Data records —
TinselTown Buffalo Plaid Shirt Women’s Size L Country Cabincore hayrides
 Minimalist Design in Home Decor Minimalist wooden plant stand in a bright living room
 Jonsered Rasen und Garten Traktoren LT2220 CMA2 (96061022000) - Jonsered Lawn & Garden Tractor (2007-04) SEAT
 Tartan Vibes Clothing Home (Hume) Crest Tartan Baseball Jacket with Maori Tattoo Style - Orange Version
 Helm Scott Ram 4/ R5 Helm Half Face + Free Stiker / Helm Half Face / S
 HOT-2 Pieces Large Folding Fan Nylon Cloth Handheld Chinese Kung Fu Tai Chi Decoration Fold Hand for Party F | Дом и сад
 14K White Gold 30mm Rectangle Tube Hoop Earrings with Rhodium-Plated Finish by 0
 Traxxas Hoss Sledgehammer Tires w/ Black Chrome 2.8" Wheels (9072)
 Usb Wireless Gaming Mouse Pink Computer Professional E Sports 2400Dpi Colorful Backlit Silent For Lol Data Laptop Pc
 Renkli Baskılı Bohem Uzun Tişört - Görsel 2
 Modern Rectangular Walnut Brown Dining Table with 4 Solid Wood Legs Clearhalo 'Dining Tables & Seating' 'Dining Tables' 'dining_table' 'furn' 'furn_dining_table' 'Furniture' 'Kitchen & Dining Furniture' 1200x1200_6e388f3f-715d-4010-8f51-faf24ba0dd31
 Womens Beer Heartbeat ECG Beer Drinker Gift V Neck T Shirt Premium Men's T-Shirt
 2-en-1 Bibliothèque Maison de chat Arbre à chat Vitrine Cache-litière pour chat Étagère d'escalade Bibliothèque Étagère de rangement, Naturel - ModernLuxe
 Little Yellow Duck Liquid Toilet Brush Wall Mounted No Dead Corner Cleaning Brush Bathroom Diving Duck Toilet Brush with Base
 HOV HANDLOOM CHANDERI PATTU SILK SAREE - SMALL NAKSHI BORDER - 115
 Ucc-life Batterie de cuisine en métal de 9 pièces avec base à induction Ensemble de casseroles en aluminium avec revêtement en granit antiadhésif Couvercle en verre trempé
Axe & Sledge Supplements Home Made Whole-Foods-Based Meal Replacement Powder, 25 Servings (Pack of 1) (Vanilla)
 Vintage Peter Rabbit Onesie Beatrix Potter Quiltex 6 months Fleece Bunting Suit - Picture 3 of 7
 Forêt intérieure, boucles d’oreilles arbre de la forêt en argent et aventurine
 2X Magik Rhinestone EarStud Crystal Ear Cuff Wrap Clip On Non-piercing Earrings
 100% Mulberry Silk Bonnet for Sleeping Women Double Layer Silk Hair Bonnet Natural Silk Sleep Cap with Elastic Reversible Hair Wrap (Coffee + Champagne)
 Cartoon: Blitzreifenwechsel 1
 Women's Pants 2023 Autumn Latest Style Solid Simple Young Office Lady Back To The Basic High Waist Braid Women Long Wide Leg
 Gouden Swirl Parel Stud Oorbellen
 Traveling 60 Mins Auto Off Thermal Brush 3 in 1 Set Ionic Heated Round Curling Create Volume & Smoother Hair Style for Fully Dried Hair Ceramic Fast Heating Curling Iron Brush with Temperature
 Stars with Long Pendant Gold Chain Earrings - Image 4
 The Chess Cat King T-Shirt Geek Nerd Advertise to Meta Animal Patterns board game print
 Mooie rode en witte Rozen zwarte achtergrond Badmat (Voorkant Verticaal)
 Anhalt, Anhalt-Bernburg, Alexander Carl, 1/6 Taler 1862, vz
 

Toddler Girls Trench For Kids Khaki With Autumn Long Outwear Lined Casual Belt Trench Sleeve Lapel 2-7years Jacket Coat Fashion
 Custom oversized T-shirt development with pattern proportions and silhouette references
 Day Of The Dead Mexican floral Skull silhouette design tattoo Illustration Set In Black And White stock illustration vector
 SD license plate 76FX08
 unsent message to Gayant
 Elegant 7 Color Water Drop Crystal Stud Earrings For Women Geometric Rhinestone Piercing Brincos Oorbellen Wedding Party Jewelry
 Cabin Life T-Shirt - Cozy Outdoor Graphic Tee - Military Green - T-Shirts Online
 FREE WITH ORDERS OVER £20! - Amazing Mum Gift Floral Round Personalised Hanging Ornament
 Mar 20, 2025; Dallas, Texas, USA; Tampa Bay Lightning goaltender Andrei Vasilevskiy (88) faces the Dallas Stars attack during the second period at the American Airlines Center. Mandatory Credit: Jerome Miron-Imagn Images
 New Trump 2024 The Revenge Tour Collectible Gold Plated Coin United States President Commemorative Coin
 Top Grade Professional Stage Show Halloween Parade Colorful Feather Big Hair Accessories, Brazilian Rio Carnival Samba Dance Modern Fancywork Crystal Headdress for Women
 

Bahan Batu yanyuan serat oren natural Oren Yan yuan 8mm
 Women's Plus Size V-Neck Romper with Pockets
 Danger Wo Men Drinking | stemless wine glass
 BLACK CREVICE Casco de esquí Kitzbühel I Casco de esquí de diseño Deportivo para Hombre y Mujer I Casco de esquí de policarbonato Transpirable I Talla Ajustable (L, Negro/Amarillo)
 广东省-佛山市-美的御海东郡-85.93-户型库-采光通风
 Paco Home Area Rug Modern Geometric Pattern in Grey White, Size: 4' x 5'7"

What you will do —
In the listing above, locate the line containing "2-en-1 Bibliothèque Maison" and the line containing "HOV HANDLOOM CHANDERI". Transcribe those two lines and everything between them, exactly as written.

Answer box —
 2-en-1 Bibliothèque Maison de chat Arbre à chat Vitrine Cache-litière pour chat Étagère d'escalade Bibliothèque Étagère de rangement, Naturel - ModernLuxe
 Little Yellow Duck Liquid Toilet Brush Wall Mounted No Dead Corner Cleaning Brush Bathroom Diving Duck Toilet Brush with Base
 HOV HANDLOOM CHANDERI PATTU SILK SAREE - SMALL NAKSHI BORDER - 115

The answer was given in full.